選挙は行かねば始まらない。
選挙というのは、
自分の意志が政治に反映されるかとか(→どうせ反映されない)、
世の中変わるか(→どうせ変わらない)という理由で行くというよりも、
「自分にとって」を明らかにする作業です。
まずは世の中をどの方角に変えていきたいかを、
「自分の内側で」確認すること。そのきっかけ。
自分なりに知ろうとして、選んで、意思表示しなければ、「自分にとって」は明らかにならない。
そんな自分は社会につながっていない。何もしていない。
そんな自分が社会に不平不満を持つなんて、おかしな姿ということになる(不満なのに最低限の行動さえしていないのだから)。
政治のことがよくわからない、
一票入れてきたって何も変わらない、
投票したいと思う候補者がいない、
といろいろ理屈はあるかもしれないけれど、
いないなら白票入れてきたってよいし、
ほんの少し検索してみれば、その候補者がどんな人間かをうかがい知ることはできるかもしれない。
普段、ネットニュースを眺めて、名の知れた人のゴシップに詮索・批判できる時間はあるというなら、
候補者が、どんな過去・仕事・生活をその背景に持っていて、
何をめざして、具体的に何をやっているのか、多少は首を突っ込んでみることはしてもいい。
自分とすべての点において考えが同じということは、ほぼありえない。
物足りない、不満に思う部分もあるかもしれないけれど、部分的に支持・共通するところがあるなら、その部分だけ支持するという形があってもいい。
自分が動いても動かなくても、誰かが議席を取って、いい方向にか悪い方向にか、いずれにせよ世の中は動いてゆかざるを得ないのだから、
まずは
「自分にとって」
「自分の内側で」
「ひとまず」
誰を選ぶか、明らかにしてみてもいい。
政治はどうしたって非合理で、残酷で、醜悪で、低俗で、非生産的なものではあるけれど、
それでも自分の中でどんな社会になってほしいかを明らかにすることは、「自分にとって」意味を持つし、
もし少しでも共感できそうな、この人には政治の世界で頑張ってほしいと思えるような人がいるのなら、
ないよりは、あったほうがよかろう程度の可能性を見て、とりあえず一票投じて、自分の務めを果たすこと。

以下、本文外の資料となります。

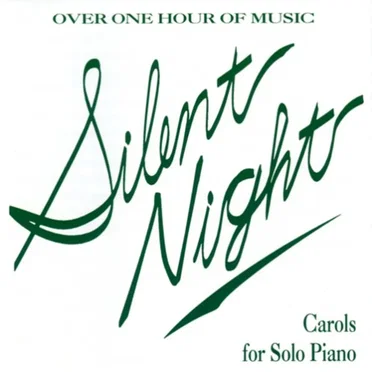 Silent Night: Carols for Solo Piano by Various Artists - album cover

(もちろん勘違いかもしれないし、裏切られることもあるかもしれないけれど、そのことに落胆・憤懣していても始まらない。「しょせん人間」という諦めは持っておこう。「それでも」とプラスに思える部分を見つけようという話。)
それは、社会のためでもあるし、自分のためでもある。
票を投じなければ、社会と自分の両方を失う。何者でもない自分自身に、放棄という名の一票を投じて、まさに何者でもない日常をただ生きていくだけになる。
それは「自分にとって」意味がない。
国政選挙の投票率は、わずか50%強だ。有権者の半分近い人間が、「どうせ変わらない」とか「自分一人投票しても」みたいなところに留まっている。
もし一人一人が、「自分にとって」を明確にし、
その分、自分の頭で考えて、行動して、意思表示するところまで習慣化して、
そういう動く人たちが投票するようになって、
投票率が70%、80%、90%になったなら、
社会は大きく変わるよ。民意を無視できなくなる。恐れるようになる。
(若者が全員投票したってシニア層に勝てないという声は、自前のニヒリズム・自滅思考をもとに語っているだけで、現実を見ていない。

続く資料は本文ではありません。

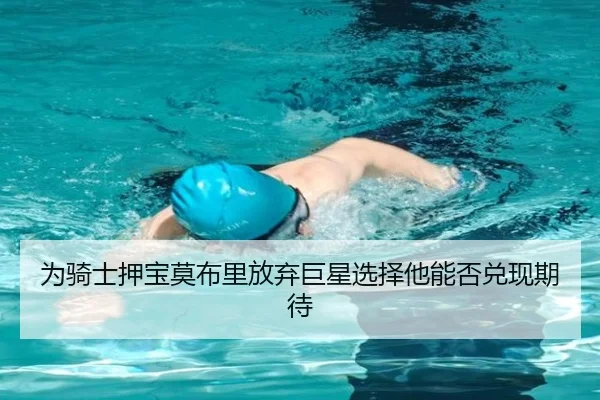 为骑士押宝莫布里放弃巨星选择他能否兑现期待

現実を変えよう・変わろうという意志のない人間が、そういうことを語って虚無に導こうとするのです。正しい理解ではありません。)
「どうせ変わらない」程度の意識しかない有権者が半分もいる限り、
「どうせ見抜かれっこない」と見くびる政治家が必ず出てくる。
政治家にバカにされているのは、有権者がみずからをバカにしているから。
「自分にとって」を大事にしていないからです。